The data START
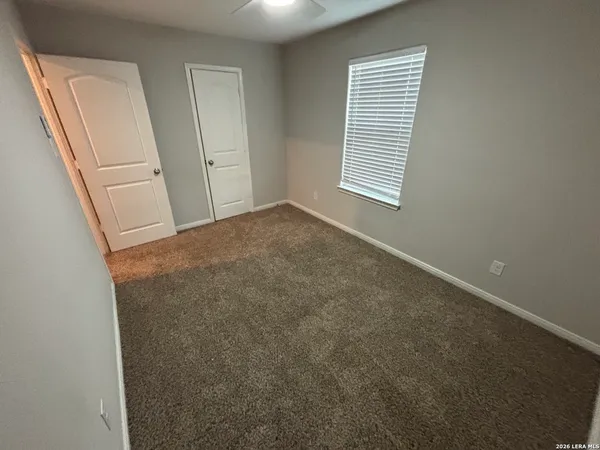 $2,000 | 9402 Nubuck Branch, Converse, TX 78109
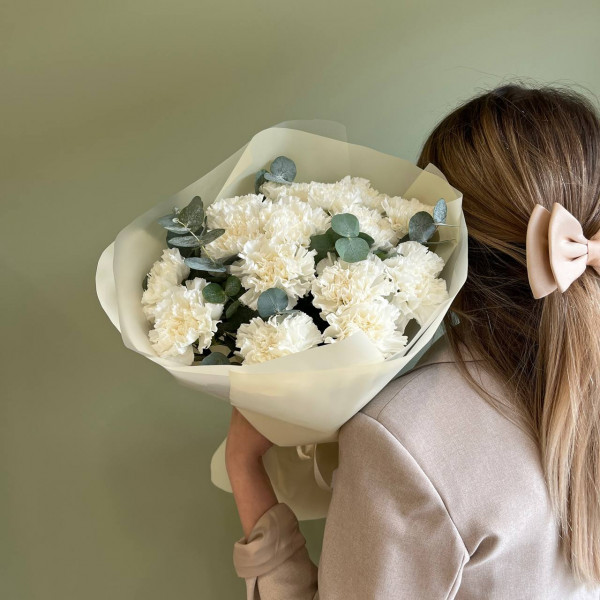 Букет №147 фото 2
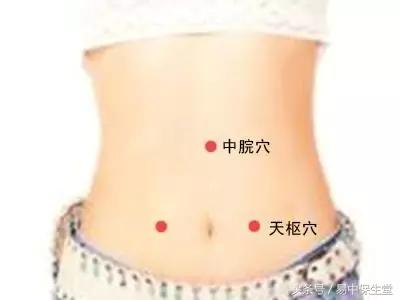 端午九毒忌讳,今年的端午九毒日是哪几天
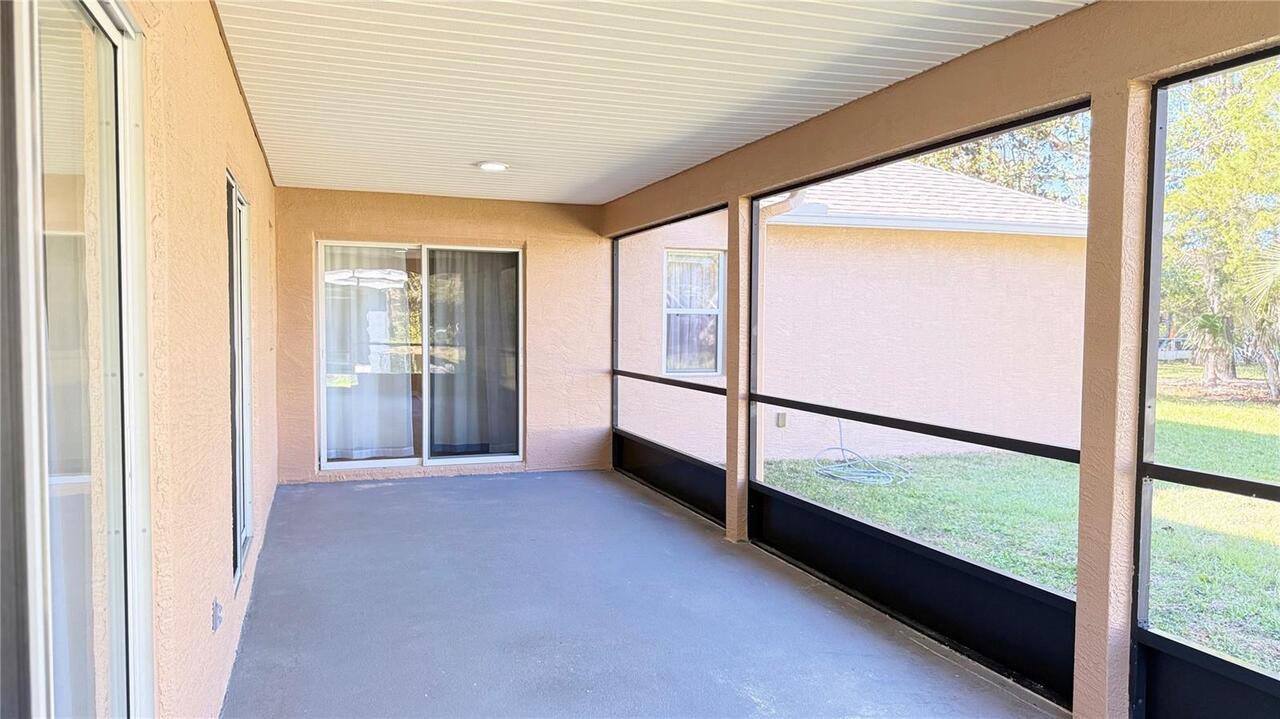Listing Photo 73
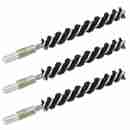 Picture of BORE TECH Nylon Rifle Brush, 243 Cal/6mm ( 3 PK)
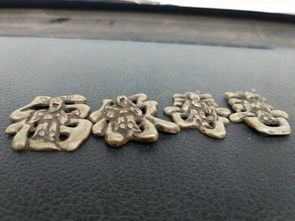 汽车铜摆件价格多少 汽车铜摆件价格多少
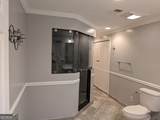 4401 Riverlake Way - Photo 13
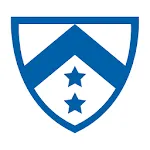 Braeburn School | Indus Appstore | App Icon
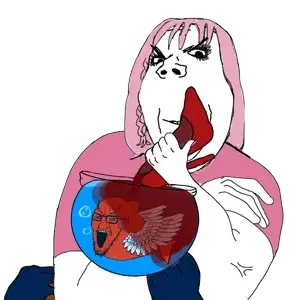 2 Sem Título_20260629015112.png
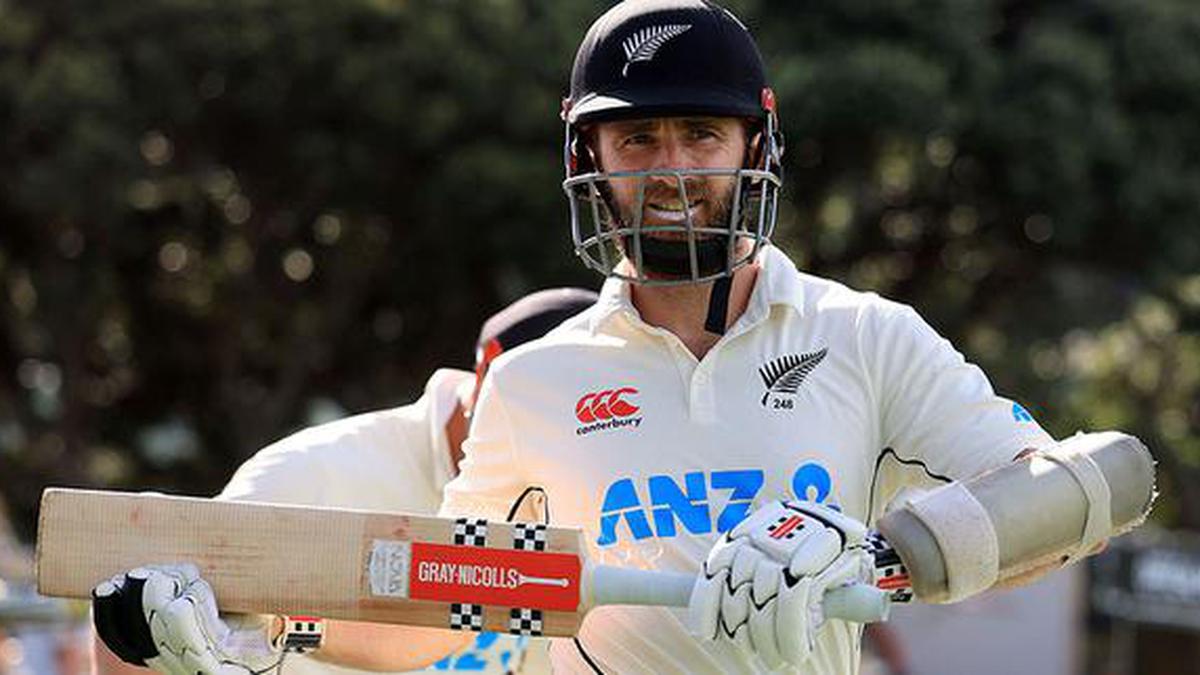 New Zealand beat Sri Lanka in last-ball Test thriller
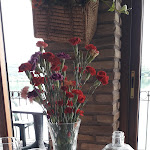 Photo n°4 de l'avis de Annamaria.e fait le 20/06/2023 à 11:32 sur le  Paradiso Sul Golfo Trevignano Romano à Trevignano Romano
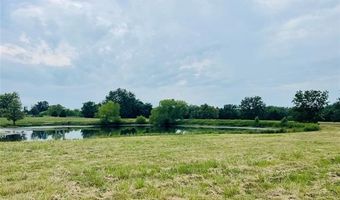 Hickory Street, Beggs, OK 74421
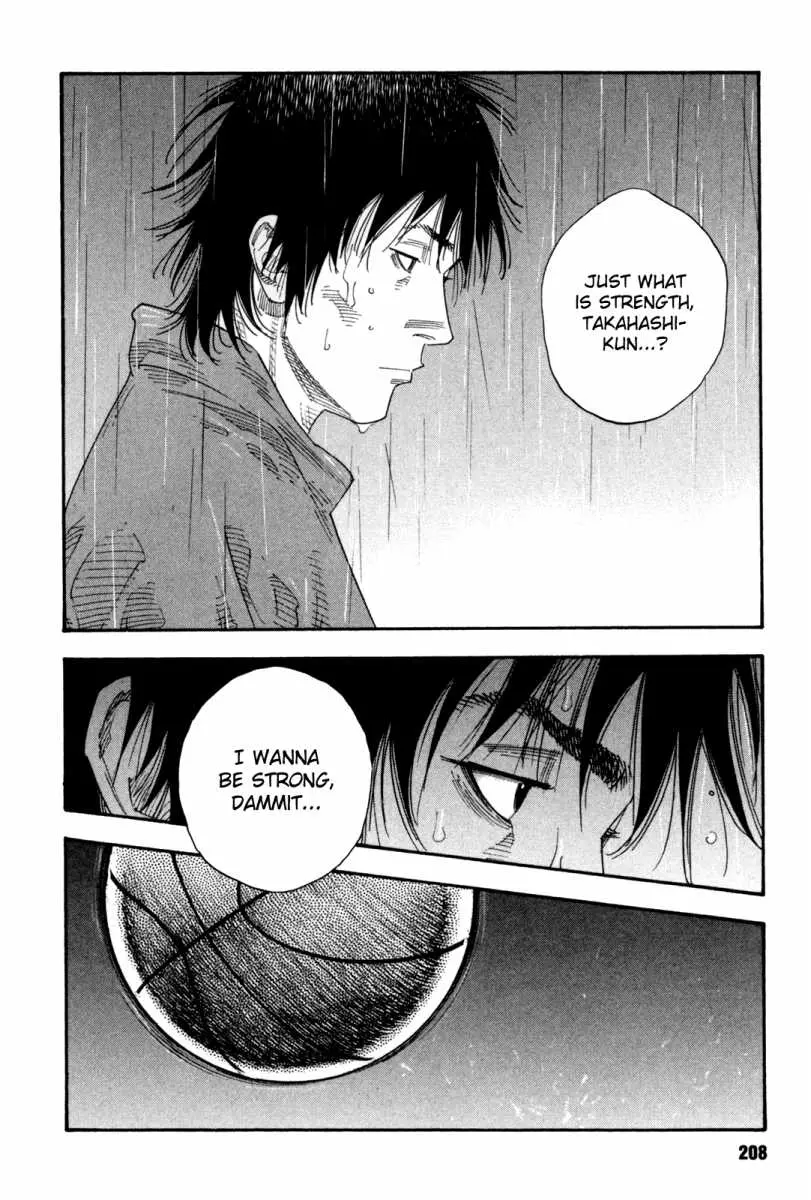 Manga page 32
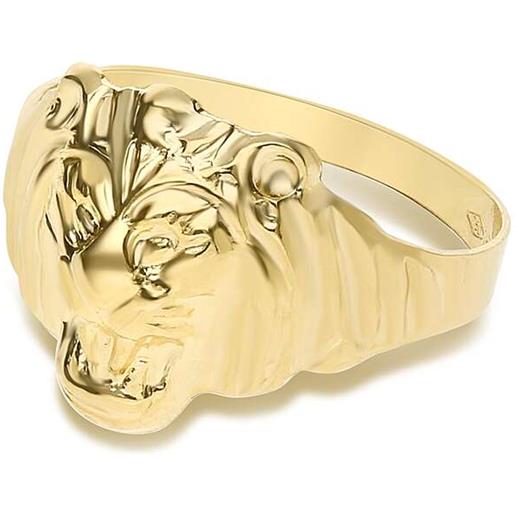GioiaPura anello uomo gioielli gioiapura oro 750 gp-s132846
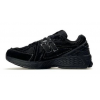 Кроссовки New Balance 1906D Protection Pack Turtledove
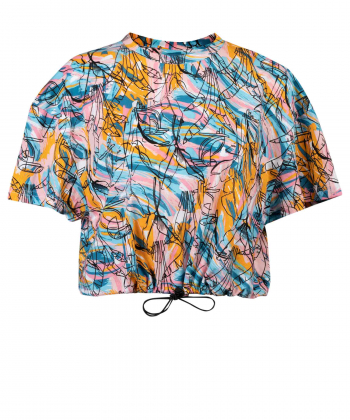 product-color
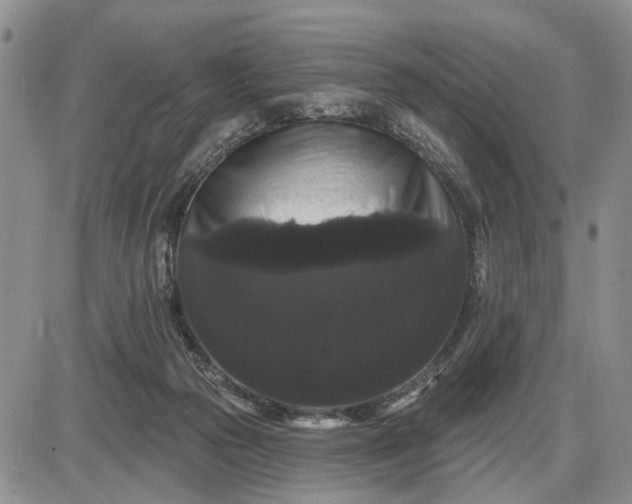 X0000085220169200703231542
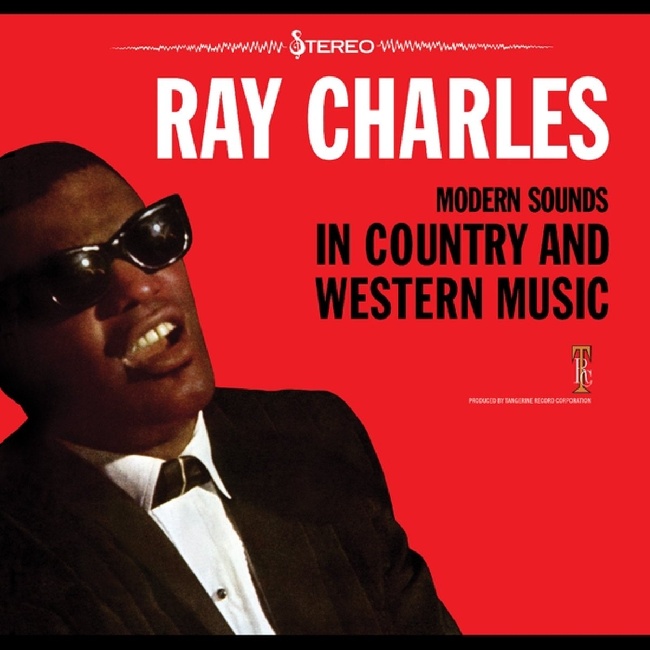 Ray Charles-Modern Sounds In Country and Western Music-1Ray-Charles-Modern-Sounds-In-Country-and-Western-Music-1.jpg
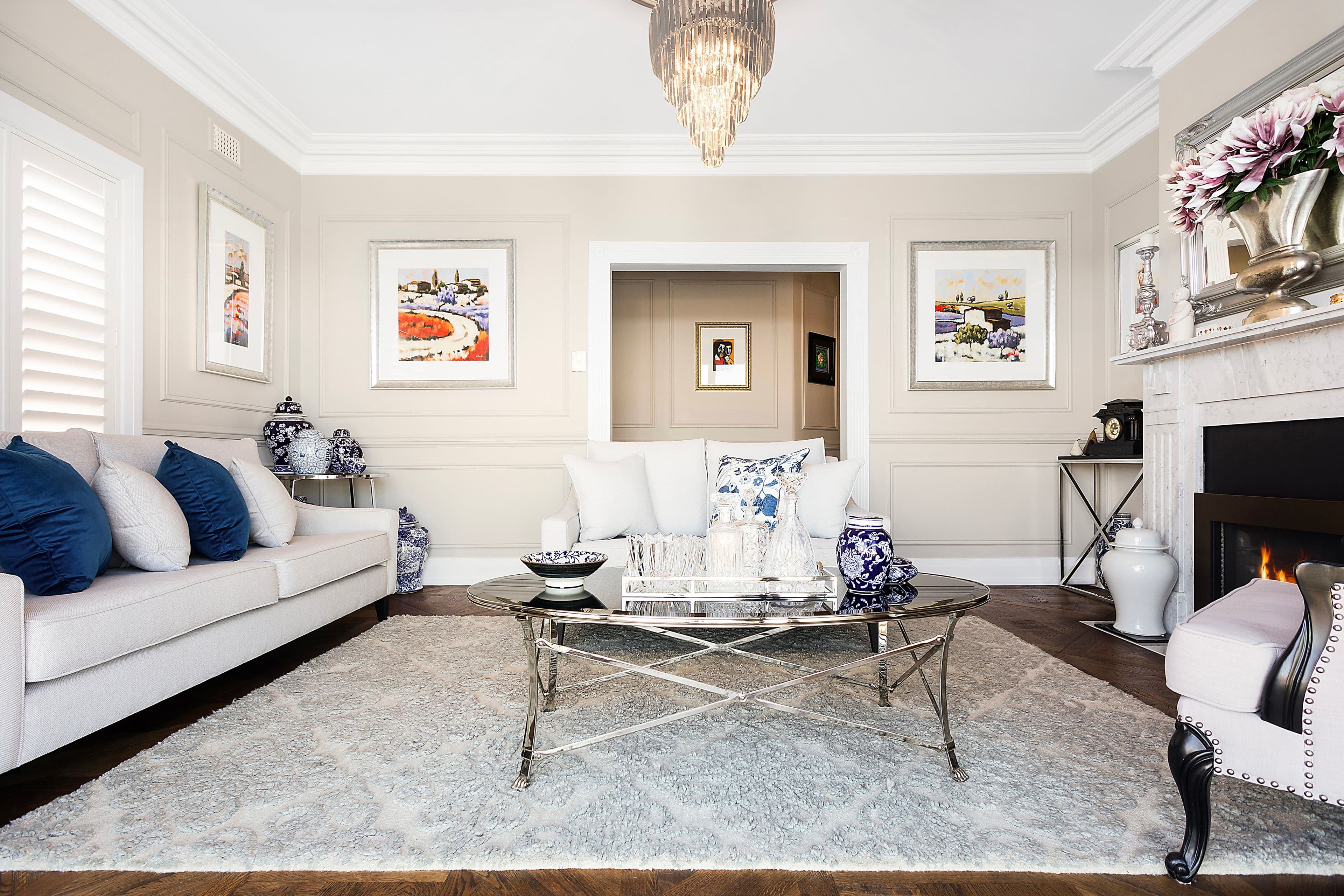 66 Old South Head Road, Vaucluse NSW 2030, Vaucluse - Thumbnail 3
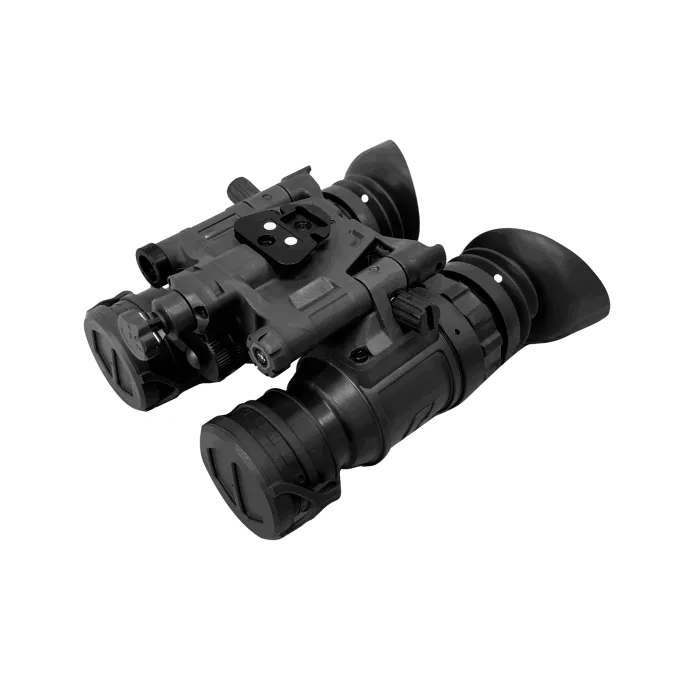 [EOT-BINO-AI-B-W-S] EOTECH BinoNV-W Binocular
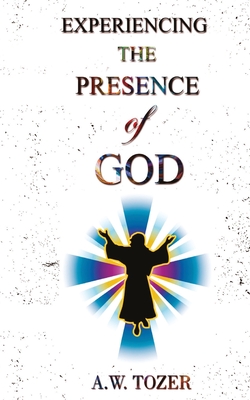 Image du vendeur pour Experiencing The Presence Of God (Paperback or Softback) mis en vente par BargainBookStores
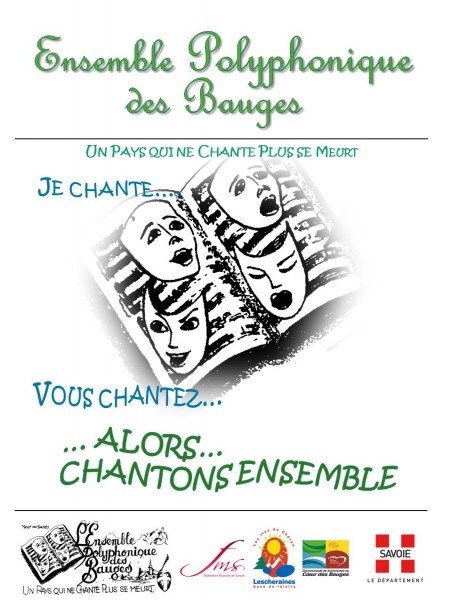 flyer_p1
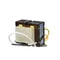 Southern Pride 582005 Transformer 24v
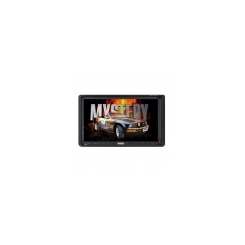Mystery MDD-7800BS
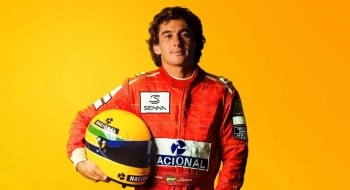 Legado dentro e fora da pista mantém Senna eterno, 30 anos após morte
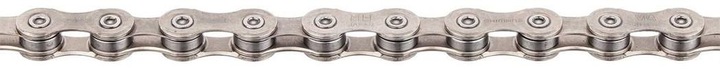 Actual product image Shimano Cn-Hg95 (10-speed)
The data END
== What needs to be done ==
Please give every line above again word for word, apart from the pictures.

== Output of the task ==
 $2,000 | 9402 Nubuck Branch, Converse, TX 78109
 Букет №147 фото 2
 端午九毒忌讳,今年的端午九毒日是哪几天
Listing Photo 73
 Picture of BORE TECH Nylon Rifle Brush, 243 Cal/6mm ( 3 PK)
 汽车铜摆件价格多少 汽车铜摆件价格多少
 4401 Riverlake Way - Photo 13
 Braeburn School | Indus Appstore | App Icon
 2 Sem Título_20260629015112.png
 New Zealand beat Sri Lanka in last-ball Test thriller
 Photo n°4 de l'avis de Annamaria.e fait le 20/06/2023 à 11:32 sur le  Paradiso Sul Golfo Trevignano Romano à Trevignano Romano
 Hickory Street, Beggs, OK 74421
 Manga page 32
GioiaPura anello uomo gioielli gioiapura oro 750 gp-s132846
 Кроссовки New Balance 1906D Protection Pack Turtledove
 product-color
 X0000085220169200703231542
 Ray Charles-Modern Sounds In Country and Western Music-1Ray-Charles-Modern-Sounds-In-Country-and-Western-Music-1.jpg
 66 Old South Head Road, Vaucluse NSW 2030, Vaucluse - Thumbnail 3
 [EOT-BINO-AI-B-W-S] EOTECH BinoNV-W Binocular
 Image du vendeur pour Experiencing The Presence Of God (Paperback or Softback) mis en vente par BargainBookStores
 flyer_p1
 Southern Pride 582005 Transformer 24v
Mystery MDD-7800BS
 Legado dentro e fora da pista mantém Senna eterno, 30 anos após morte
 Actual product image Shimano Cn-Hg95 (10-speed)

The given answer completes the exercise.